I think you can but Best Buy definitely has it and probably an updated version. Mine is PrintShop 21. It has been so long since I've looked around that there may be some really cool new ones out there. Check them out online first and read about what they offer as far as features to get an idea.
http://www.broderbund.com/jump.jsp?itemID=839&amp;mainPID=839&amp;itemType=PRODUCT&amp;RS=1&amp;keyword=print+shop+21&amp;ysmchn=YSM&amp;ysmcpn=Print+Creativity&amp;ysmcrn=sr2br30yh581yh4698pi8ai3299&amp;ysmtrm=sr2br30yh581yh4698pi8ai3299+print+shop&amp;ysmtac=PPC&amp;ovtac=PPC&amp;SR=sr2br30yh581yh4698pi8ai3299&amp;OVRAW=print%20shop&amp;OVKEY=print%20shop&amp;OVMTC=standard&amp;OVADID=6162657512&amp;OVKWID=72562696012&amp;ysmwa=VVNyeUEJI14vOe27mKq1m5d9nnOhAwlI9MiirLrnAPnF3SLpF-sonhLC95A_Huis






Ramona


----------



## PeterZ (Sep 19, 2007)

Googling "wine label software" will result in many hits. Most of these packages can be downloaded and registered for ~$30 or so, allowing unlimited use. Most have trial versions.

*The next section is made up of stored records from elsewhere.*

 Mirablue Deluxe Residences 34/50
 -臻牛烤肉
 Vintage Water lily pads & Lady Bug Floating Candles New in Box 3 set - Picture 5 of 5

I use Photoshop Elements to design the label and then insert as many of the images as will fill a piece of paper into a PowerPoint slide for printing.


----------



## Joanie (Sep 19, 2007)

Elements won't let you create an 8 x10" canvas then let you cut and paste 4 copies of your label in 4 separate layers on the canvas?


----------



## smurfe (Sep 20, 2007)

I use Stoney Creek Wine Press software and labels for now. You buy the software and Pre-designed labels. The software basically enters just your text onto the label. They look very nice. 

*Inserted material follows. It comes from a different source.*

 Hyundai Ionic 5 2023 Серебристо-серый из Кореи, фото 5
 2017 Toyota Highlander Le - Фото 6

http://www.stoneycreekwinepress.com/


Hereare a few examples. The one to the far right though George made and sent with a kit I bought. 





*Edited by: smurfe *


----------



## aguedry (Sep 20, 2007)

Hey Smurfe,
I live in Gonzales too. 
Angie


----------



## smurfe (Sep 20, 2007)

aguedry said:


> Hey Smurfe,
> I live in Gonzales too.
> Angie




Well welcome. We will have to sample each others wines! Great to have a neighbor here. There was another guy that was moving back here to St. Amant but I haven't heard from him since he moved back. Again, welcome!


----------



## aguedry (Sep 20, 2007)

Awesome. We'll have to all get together and have a little wine tasting. I am in Lazy Oaks, u know where that is?
BTW - a friend told me yesterday that there is a LHBS in Baton Rouge. I think it is called Bootleggers. On Chipewa. Didn't know that.


----------



## smurfe (Sep 20, 2007)

aguedry said:


> Awesome. We'll have to all get together and have a little wine tasting. I am in Lazy Oaks, u know where that is?
> BTW - a friend told me yesterday that there is a LHBS in Baton Rouge. I think it is called Bootleggers. On Chipewa. Didn't know that.

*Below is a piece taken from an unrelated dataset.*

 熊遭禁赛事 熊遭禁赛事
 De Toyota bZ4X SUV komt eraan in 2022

I am not sure where Lazy Oaks is at. I live on Bayou Narcisse between Hwy 44 and Roddy. If you grew up here and know where La Maison is at, that is where I live. 


I really wouldn't waste my time with Bootleggers. The guys that run it are into industrial supplies and not home brewing. I went there the other day and was HUGELY disappointed. They have no knowledge of beer or wine. They bought the inventory along with the industrial supplies after Perkin's Hardware burnt. I noticed their prices in the store were considerably higher than on their website. As I said, Iwas hugely disappointed as I thought I had found a local place to buy beer supplies as I want to brew some beer. All wine supplies will still be bought here from George.


----------



## smurfe (Sep 20, 2007)

smurfe said:


> aguedry said:
> 
> 
> > Awesome. We'll have to all get together and have a little wine tasting. I am in Lazy Oaks, u know where that is?
> ...




Lazy Oaks? Is that off HWY 931 just east of Hwy 44?*Edited by: smurfe *


----------



## scubaman2151 (Sep 20, 2007)

I was actually suprized, I called George today to get my free labels (he gives you 30 free custom labels when you buy a wine kit from him). I was basically able to design the label over the phone, font, color, placement of words and symbols. View all the custom labels you can choose from here: 
http://www.finevinewines.com/ProdListLabels.asp?GC_Category=Labels


The labels I got for my Kiwi Pear is item number 0903.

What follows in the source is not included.